When it comes to security, Google Android has long been the weaker contestant. After all, the simple availability of the code through the open source community also means that malicious coders will have the opportunity to exploit any and all weaknesses. By that same token, however, this means that Android must quickly resolve any issues that are made known to the public — as that public includes those who will quickly leap through any security hole.
As reported on Engadget, this particular issue was initially discovered by Xuxian Jiang of NCSU (North Carolina State University), who announced that the newest version of Android (2.3, aka “Gingerbread”) has a glaring microSD card flaw. What is that flaw exactly? Malicious websites may be able to tap into your microSD card as a platform through which it can transmit private data — everything from your voicemails to your online banking login info — to a third party.
This isn’t a brand new issue; it’s something Google struggled with in earlier versions of Android development, but which the company fixed prior to the 2.3 release. However, Jiang says that fix is simple to step around for anyone who understands the system. It is reported that Google is looking at the issue and plans on putting out another fix, but there’s no more specific data on the what or when.

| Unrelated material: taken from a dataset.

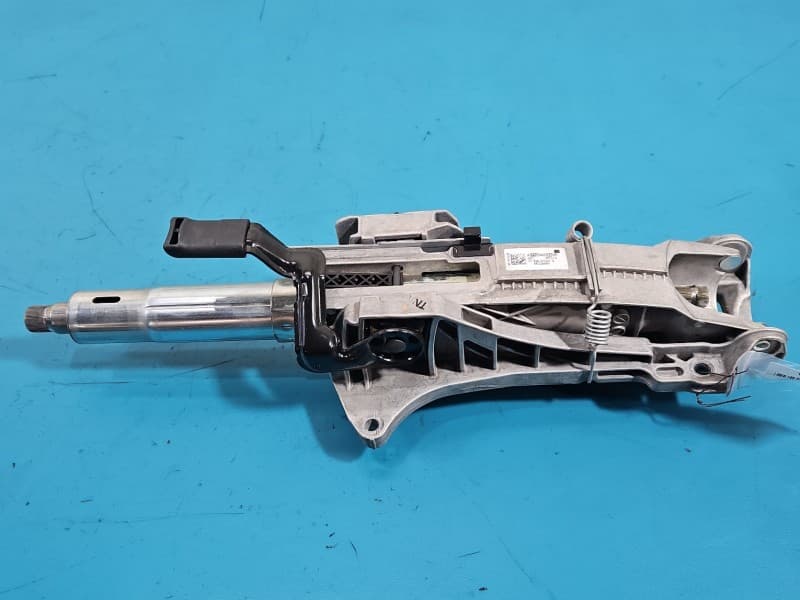 Kolumna kierownicza KRZYŻAK Mercedes W213 A2134608400 EUROPA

This isn’t the first bump Gingerbread has run across, either. The THVB text bug, the SMS messaging glitch would would re-route text messages to unintended recipients without even notifying the sender who the message was heading to, was a glaring issue from day one that saw resolution only after a mass surge of attention to the issue. While Gingerbread remains an appealing OS, it’s hard to say whether it will be truly debugged before its successor, Ice Cream Sandwich, takes the scene.